Entre Doña Rosa, el Genio Maligno y la –uncool–
performance-sin-público, habla por donde es hablado pero para accidentar un parecer. Hace mucho que el
cogito no piensa, salvo cimbrar por
su estado místico la inmanencia del noúmeno. Por eso el idiota que lo sueña
como referente no es ya filosófico, el idiota filosófico actual es “de campo”,
sólo le queda el saber como un fardo de residuos de campos y experiencias sin
sujeto avistable. Todo lo contrario, este idiota es el mal alumno, héroe de la
lectoescritura, cartesiano por un hueco, bovarista-quijotesco por otro. Como
pasión del Hotro puede estar jugando para cualquier equipo. No necesita saber
para qué ejército pelea. Un hermeneuta sin sentido que lee con el cuerpo,
interpreta en vida, paga con su propia cara. Pero propone el escándalo para
desaparecer, y el escándalo de desaparecer. Dona la necedad que no tiene,
también. Imita al loro. Y si quiere pide alojamiento en su matriz placentera, por lejana que esté. Proponiendo
que lo sigan a condición de que quieran ser defraudados. También describe las
impresiones de un paisaje: el personaje que confiesa. Hace trasmigrar la
franqueza por el intertexto psíquico. Puede atravesar los muros para salir de
escena por la cuarta pared. Una cosa es un lenguaje privado y otra no hacerse
entender. Aunque, desde el punto de vista de su propio doble transhistórico (el
solipsista que nunca alcanza a ser), solamente se perciba como hecho político,
parte social, al interpretar al piano el eructo polifónico de su comunidad. El
idiota también, como se sabe, puede contar una historia llena de ruido y furia
que no significa nada. Y llamarse esto: el idiota no tiene quien lo interprete
–sólo lee con las manos a falta de pienso inteligible. También puede ser el
hombre lobo del hombre, con los disfraces del buen salvaje o de buen ciudadano.
¿No se entiende?... cabalguemos entonces. Sin ningún problema: lego saberes que no sé –habla el
texto– en certámenes de docta ignorancia: si esto no escapa al atletismo de la
erudición qué va ’cer. A intentarlo de nuevo.

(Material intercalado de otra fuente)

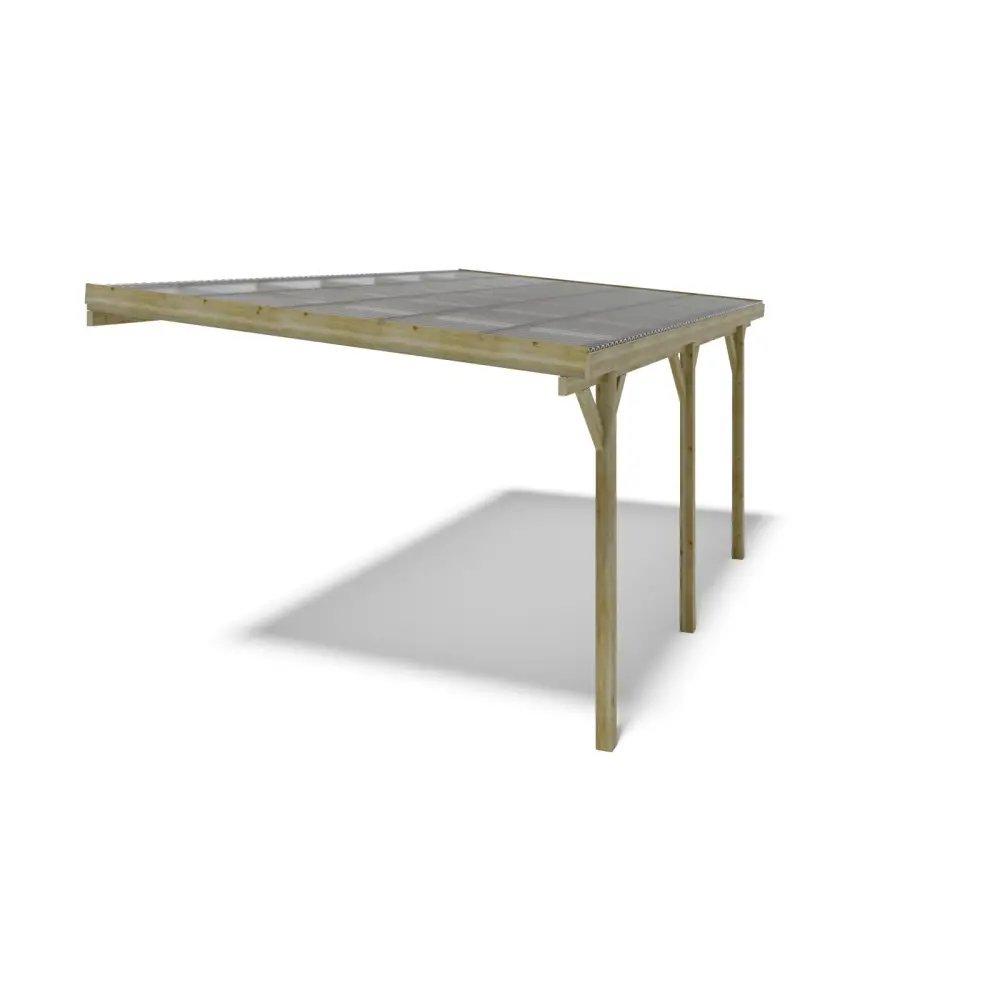 Carport, abri de voiture  3x5.24 m - 15 m2 - couverture PVC 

De nuevo lo nuevo. Leer es maravilloso y tenemos la suerte de haber
sobrevivido al dadaísmo transhistórico y gambeteado a su nietito hecho mierda,
el punk. Díganles que mi vida es maravillosa.
Empiezo
por el segundo “seminario”, que es el más largo, inferido en el mismo bienio en
el que yo mismo –otro– me avenía a –fingir– comenzar la carrera llamada
Filosofía. Esa década argentina –que mientras nosotros nos dedicábamos a
subrayar a Cassirer o Vernant haciendo la tarea– comenzó con el auge final del
culto por Michel Foucault y terminó intercambiándolo por el de su par Gilles
Deleuze, que en la mitad de esos días se lanzaba por la ventana (aquella desde
la cual Descartes veía mecanos andantes) y lanzaba al mercado su encantador
manual sobre la filosofía, él único en su larga carrera que la tenía por, grosso modo, “objeto de discurso”
general. Precisamente ahí se revelaba la función filosófica del idiota –nombrado
por vez primera por Nicolás de Cusa–, probable agente histórico vital de la
antifilosofía, el primer gran esnobeador, el profano a boca abierta, cuerpo
celeste en lontananza, diletante patográfico, aguafiestas de simposios o
eremita de cuarto propio, el solipsista-para-todos, el que se abanicaba no
obstante en el vacío del más allá de la historia y las matemáticas. El idiota
tiene dos extensiones, dos vástagos sí peligrosos: el loco y el imbécil.